One of the keys to understanding pandas is to understand the data model. At the core of pandas are two data structures:

Different dimensions of pandas data structures
Data Structure Dimensionality Spreadsheet Analog
Series 1D Column
DataFrame 2D Single Sheet

The most widely used data structures are the Series and the DataFrame that deal with array data and tabular data, respectively. An analogy with the spreadsheet world illustrates the basic differences between these types. A DataFrame is similar to a sheet with rows and columns, while a Series is similar to a single column of data.

foo

Figure showing the relation between the main data structures in pandas. Namely, that a data frame can have multiple series.

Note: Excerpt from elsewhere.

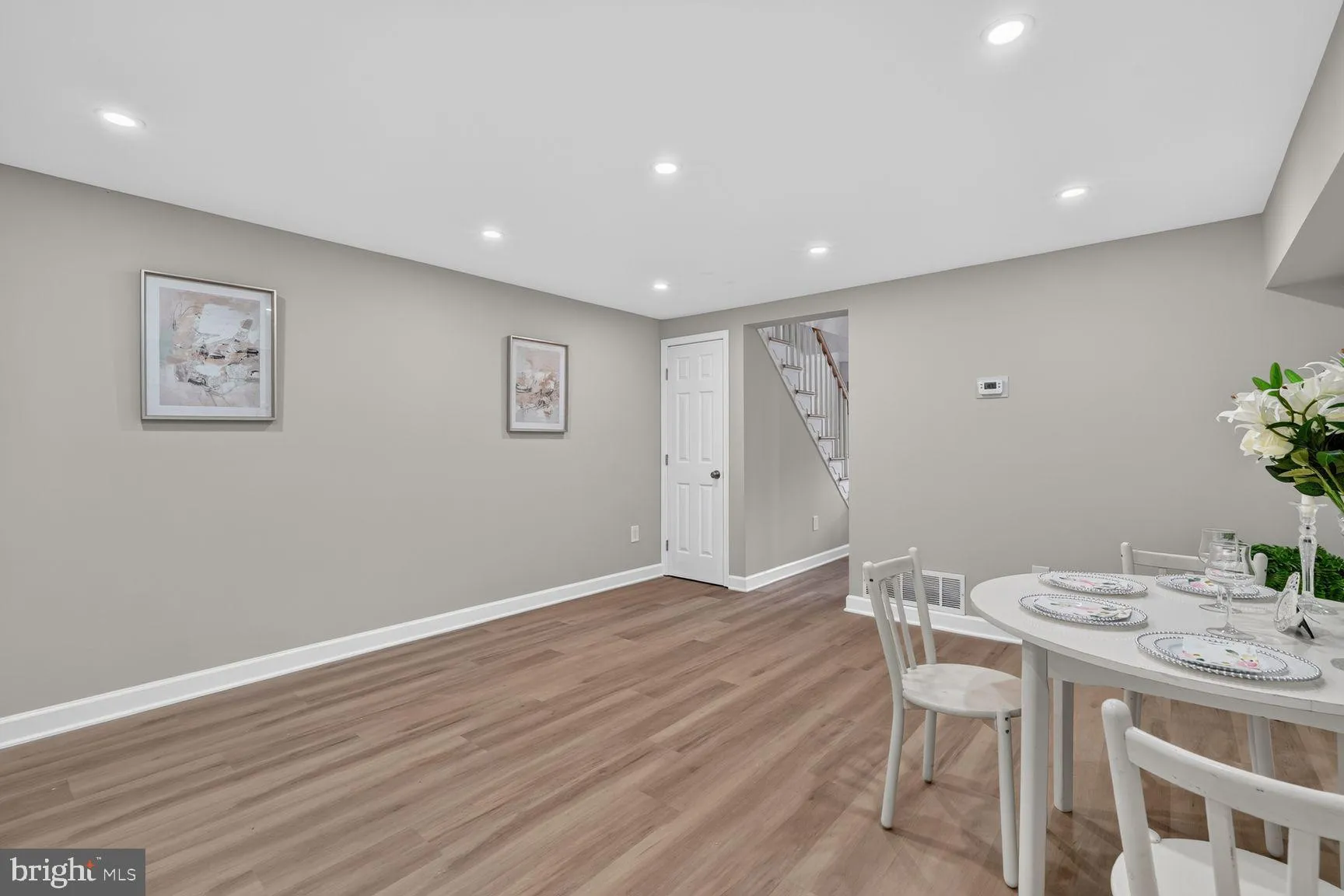 Additional image 33 of 1800 Village Green Drive Unit D-96, Landover, MD 20785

Diving into these core data structures a little more is useful because a bit of understanding goes a long way towards better use of the library. We will spend a good portion of time discussing the Series and DataFrame. Both the Series and DataFrame share features. For example, they both have an index, which we will need to examine to understand how pandas works.

Also, because the DataFrame can be thought of as a collection of columns that are really Series objects, it is imperative that we have a comprehensive study of the Series first. Additionally (and perhaps odd to some), we will see this when we iterate over rows, and the rows are represented as Series.

Note

Some have compared the data structures to Python lists or dictionaries, and I think this is a stretch that doesn't provide much benefit. Mapping the list and dictionary methods on top of pandas' data structures just leads to confusion.

Summary

The pandas library includes three main data structures and associated functions for manipulating them. This book will focus on the Series and DataFrame. First, we will look at the Series as the DataFrame can be thought of as a collection of Series.